- **Instructions to follow**: Below are records with pictures; copy word for word only the lines between the line with "Extension Office hosts" and the line with "Jeep Wrangler 2.8 Crd Night Eagle Purple #33", inclusive, and drop the pictures.

- **Given data**:
*** Begin section ***

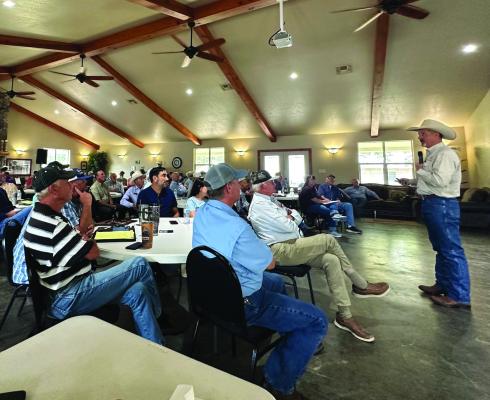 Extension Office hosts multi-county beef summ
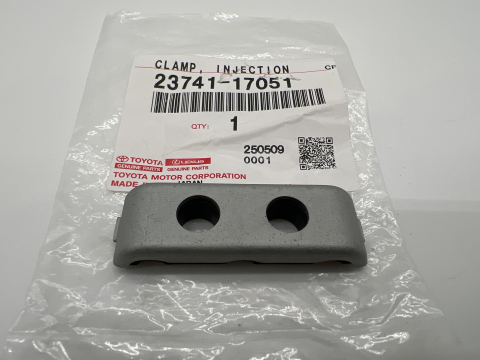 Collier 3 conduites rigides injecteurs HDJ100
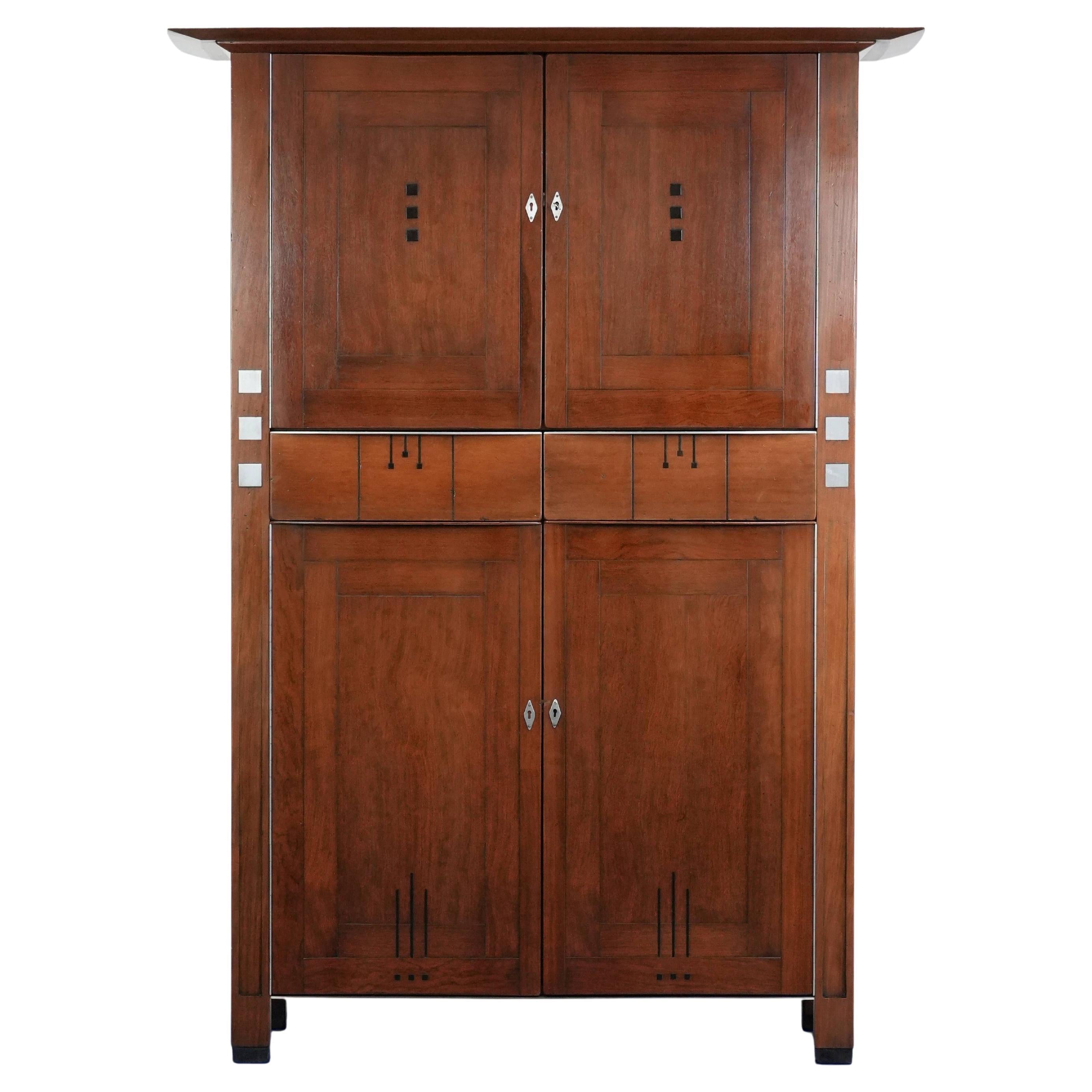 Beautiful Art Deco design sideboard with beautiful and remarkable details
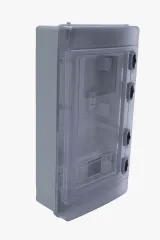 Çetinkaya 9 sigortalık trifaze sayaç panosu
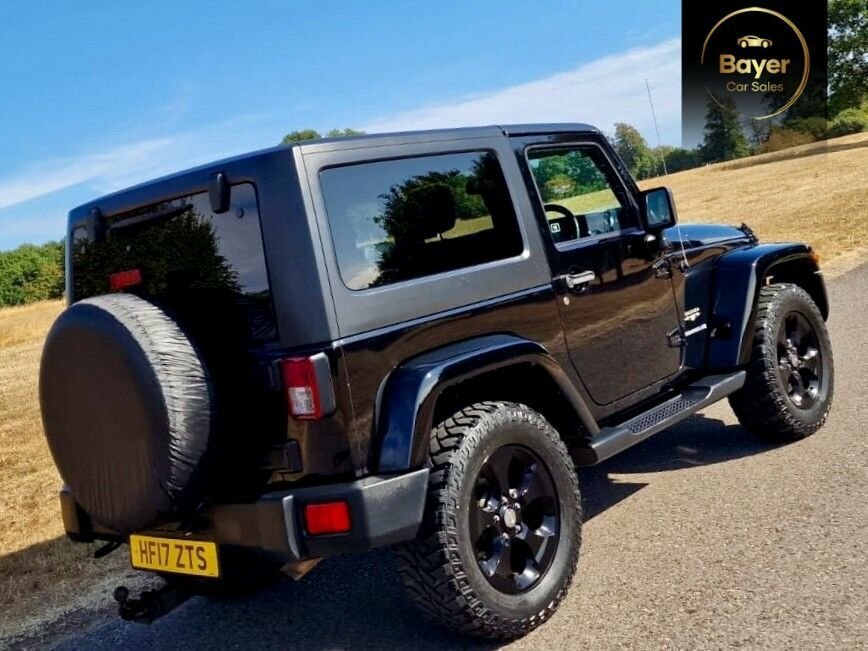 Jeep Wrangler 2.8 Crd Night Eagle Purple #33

*** End section ***
*** Begin section ***

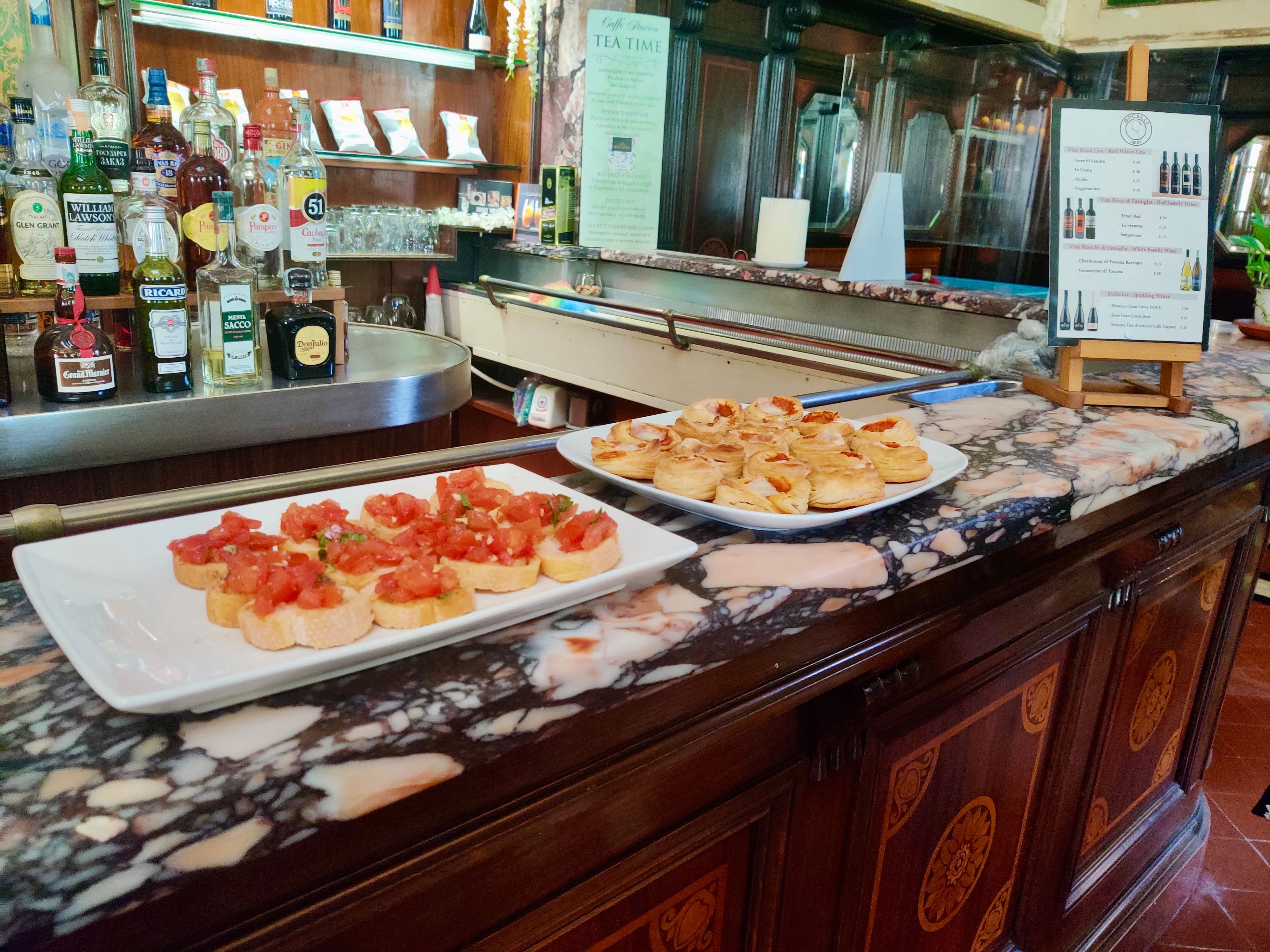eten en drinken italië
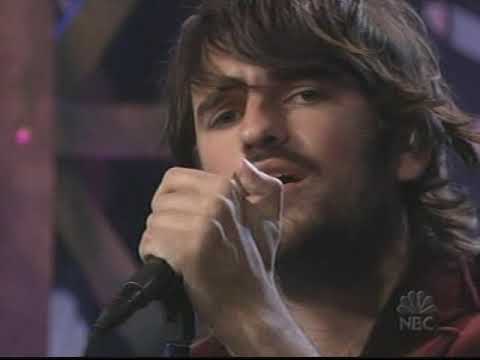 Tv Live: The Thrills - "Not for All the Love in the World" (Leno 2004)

*** End section ***

- **Solution**:
 Extension Office hosts multi-county beef summ
 Collier 3 conduites rigides injecteurs HDJ100
 Beautiful Art Deco design sideboard with beautiful and remarkable details
 Çetinkaya 9 sigortalık trifaze sayaç panosu
 Jeep Wrangler 2.8 Crd Night Eagle Purple #33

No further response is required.